1. A table of acceptance criteria and the reported device performance

The primary standard for clinical validation of automated non-invasive sphygmomanometers, ISO 81060-2:2018, sets the acceptance criteria for accuracy.

2. Sample size used for the test set and the data provenance

• Sample Size: 85 patients (47 males and 38 females)
• Data Provenance: Not explicitly stated, but the submission is from a Chinese manufacturer (WEONY (SHENZHEN) TECHNOLOGY CO., LTD.), so it is highly probable the data was collected in China. The text does not specify if the study was retrospective or prospective, but clinical validation studies for device approval are almost always prospective.

3. Number of experts used to establish the ground truth for the test set and the qualifications of those experts

The ground truth for blood pressure measurements in this context is established by a reference method, not by individual experts' interpretation of images or other subjective data.

• Reference Method: "The manual Mercury Sphygmomanometer was used as a reference device."
• Number of Experts/Operators: While not explicitly stated, clinical validation of automated sphygmomanometers according to ISO 81060-2 typically requires measurements by trained observers using the reference method. The standard mandates specific procedures for these measurements to ensure accuracy and minimize bias, often involving at least two trained observers taking simultaneous or sequential measurements. The document does not specify the number or qualifications of these observers.

4. Adjudication method for the test set

• Adjudication Method: "Same arm sequential method was adopted during the clinical testing." This indicates a direct comparison of the device's reading against the reference standard on the same arm, likely following strict protocols to minimize errors. This isn't an "adjudication" in the sense of resolving conflicting expert opinions, but rather a direct comparison to a gold standard.
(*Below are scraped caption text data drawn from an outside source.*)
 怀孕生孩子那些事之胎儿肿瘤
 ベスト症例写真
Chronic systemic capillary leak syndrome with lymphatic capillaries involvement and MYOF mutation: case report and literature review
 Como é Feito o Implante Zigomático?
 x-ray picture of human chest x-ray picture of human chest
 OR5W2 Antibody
5. If a multi reader multi case (MRMC) comparative effectiveness study was done, If so, what was the effect size of how much human readers improve with AI vs without AI assistance

• No, an MRMC comparative effectiveness study was not done. This device is a blood pressure monitor, not an AI-powered diagnostic imaging tool that would typically involve human readers interpreting data with or without AI assistance. The study is a direct clinical validation of the device's accuracy against a known reference standard (manual mercury sphygmomanometer).
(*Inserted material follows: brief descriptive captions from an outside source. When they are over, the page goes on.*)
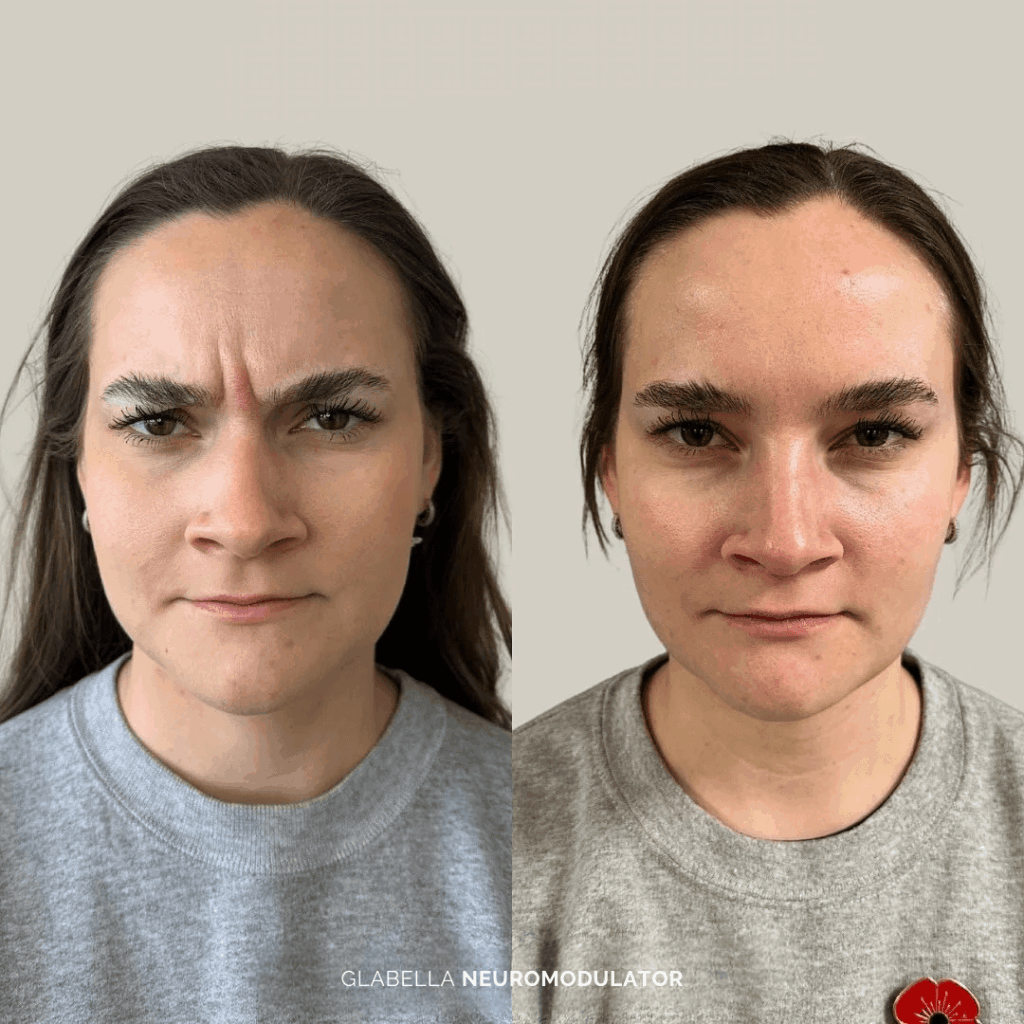 Before and after glabella treatment with neuromodulator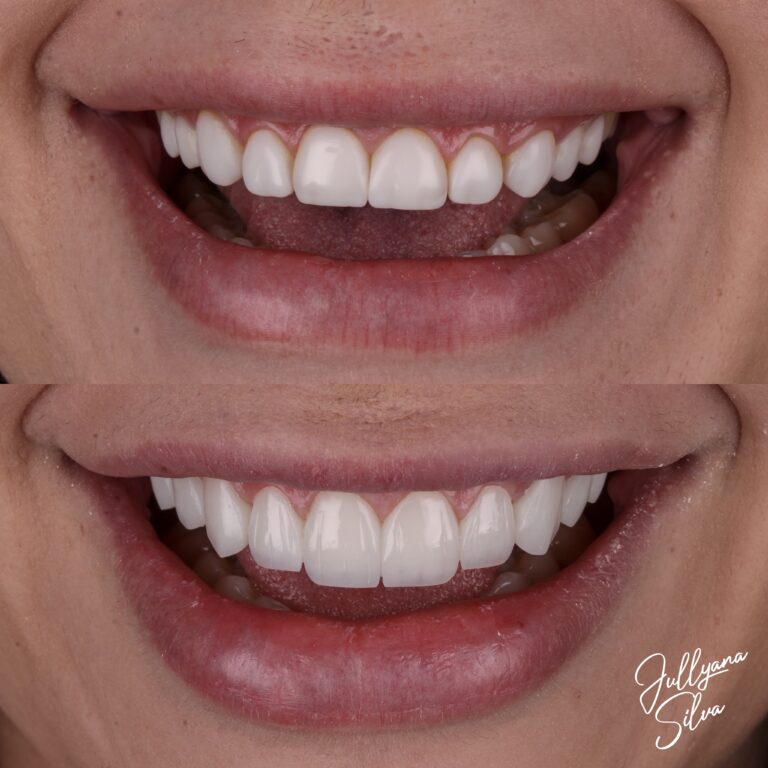 Facetune_11-09-2024-22-14-47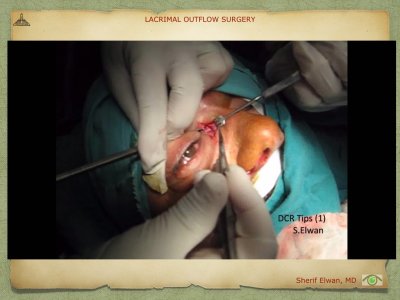 Lacrimal Outflow Surgery.054.jpeg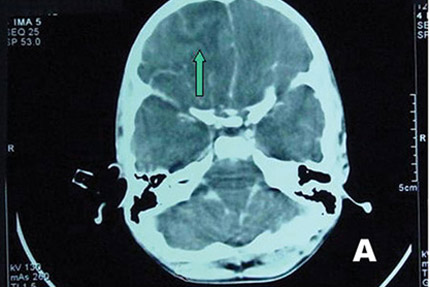 Bệnh nhân đầu tiên đã nhiễm “amip ăn não” thế nào?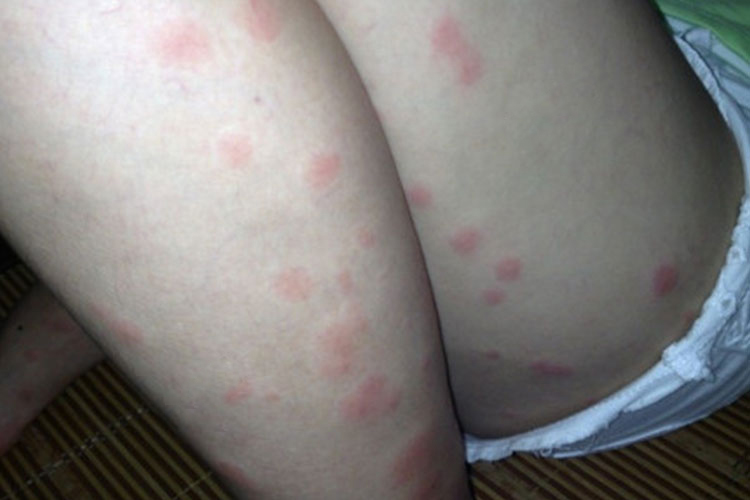 臭虫叮咬后风团样丘疹图 臭虫叮咬后风团样丘疹图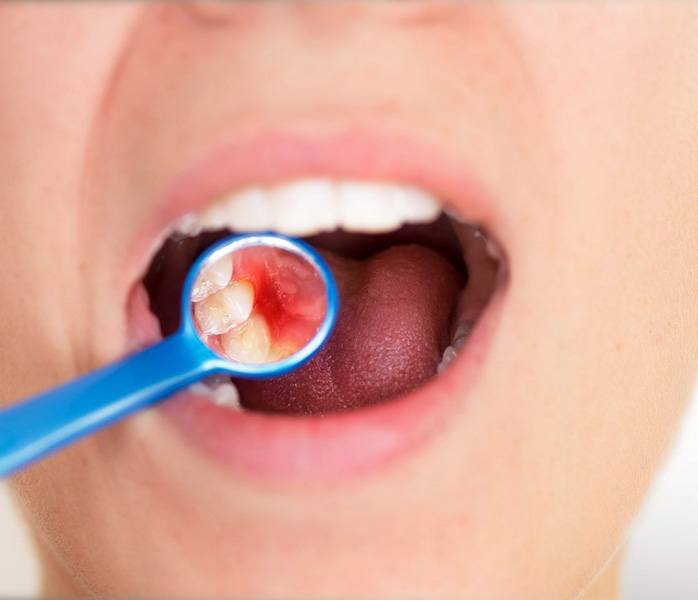 Someone’s red gums reflected in blue dental mirror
6. If a standalone (i.e. algorithm only without human-in-the-loop performance) was done

• Yes, in spirit. The device itself is an automated system based on the oscillometric method. Its primary function is to measure blood pressure without direct human interpretation of raw signals; humans only read the displayed results. The clinical study validates the performance of this automated algorithm in measuring blood pressure. However, the term "standalone" usually refers to AI algorithms in diagnostic contexts. In this case, the device essentially functions as a "standalone" measurement system.
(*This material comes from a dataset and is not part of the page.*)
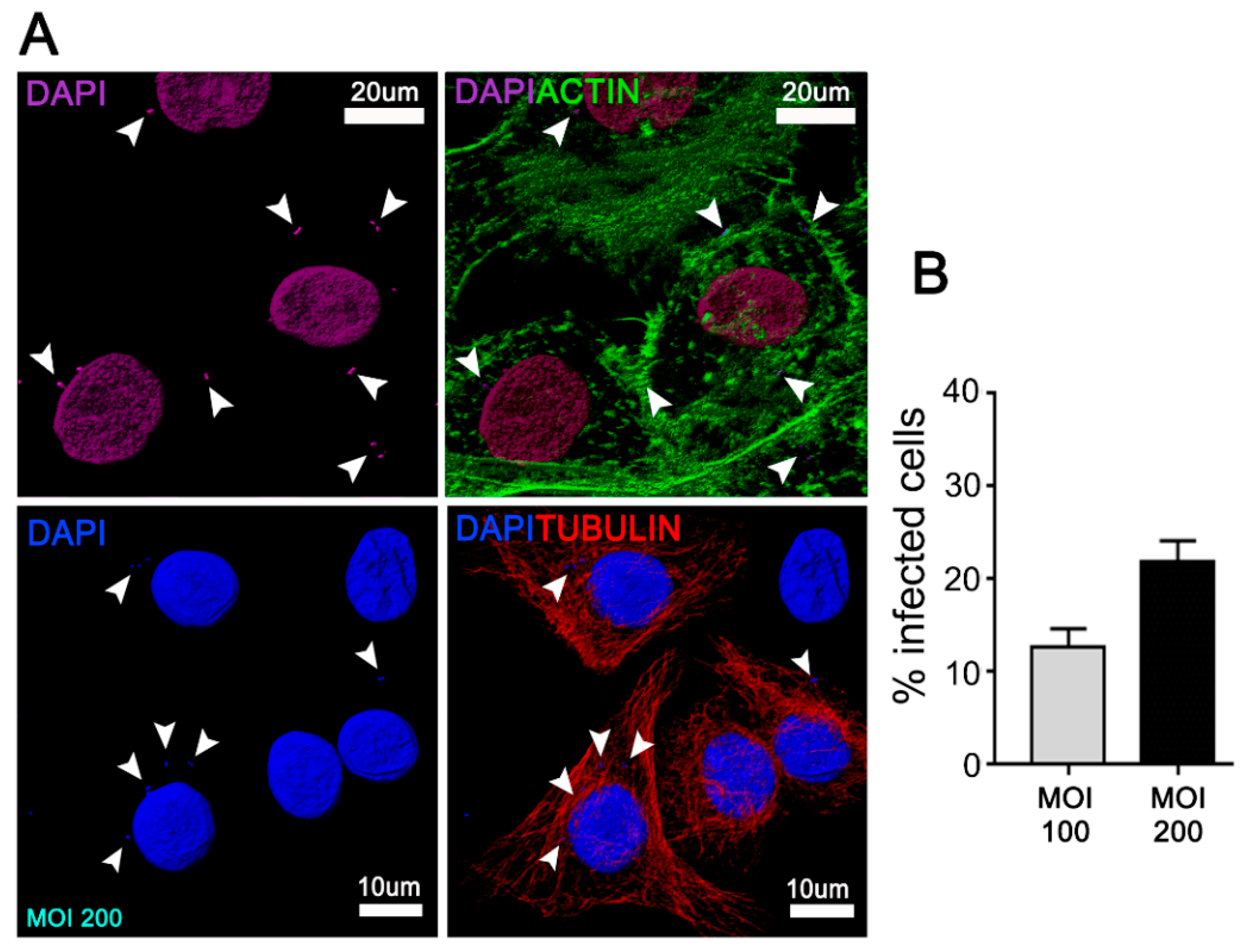 Cells Free Full Text Aggregatibacter Actinomycetemcomitans Induces Autophagy In Human Junctional Epithelium Keratinocytes Html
7. The type of ground truth used

• Expert Consensus / Reference Standard: The ground truth was established using a manual Mercury Sphygmomanometer, which is considered the gold standard (or a highly accurate reference method) for blood pressure measurement in clinical validation studies. The measurements taken with this reference device are performed by trained personnel, effectively serving as an "expert consensus" or highly accurate reference.

8. The sample size for the training set

• Not applicable. This document describes the validation of a traditional medical device (blood pressure monitor) that operates on an established oscillometric principle, not an AI/machine learning model that would require a separate "training set" and "test set" in the conventional sense. The device's algorithm is based on well-understood physiological principles and signal processing, not on learning from a large dataset.

9. How the ground truth for the training set was established

• Not applicable. As stated above, this device does not utilize a machine learning model that requires a "training set" with ground truth established for learning. Its operational principles are fixed and based on physics and established medical techniques.